### Instructions for the task
Look through the records below for the line with "Banana Republic Light" and the line with "Photo 2 of Manufactured", then return those lines and all lines between, exactly.

### Information
※

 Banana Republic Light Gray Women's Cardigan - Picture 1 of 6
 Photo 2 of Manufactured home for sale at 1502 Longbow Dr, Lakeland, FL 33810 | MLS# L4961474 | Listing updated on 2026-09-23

※

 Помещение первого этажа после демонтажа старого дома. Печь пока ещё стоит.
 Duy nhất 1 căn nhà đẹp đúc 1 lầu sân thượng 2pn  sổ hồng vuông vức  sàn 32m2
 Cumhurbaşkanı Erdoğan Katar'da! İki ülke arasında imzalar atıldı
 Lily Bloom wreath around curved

※

### Problem solution
 Banana Republic Light Gray Women's Cardigan - Picture 1 of 6
 Photo 2 of Manufactured home for sale at 1502 Longbow Dr, Lakeland, FL 33810 | MLS# L4961474 | Listing updated on 2026-09-23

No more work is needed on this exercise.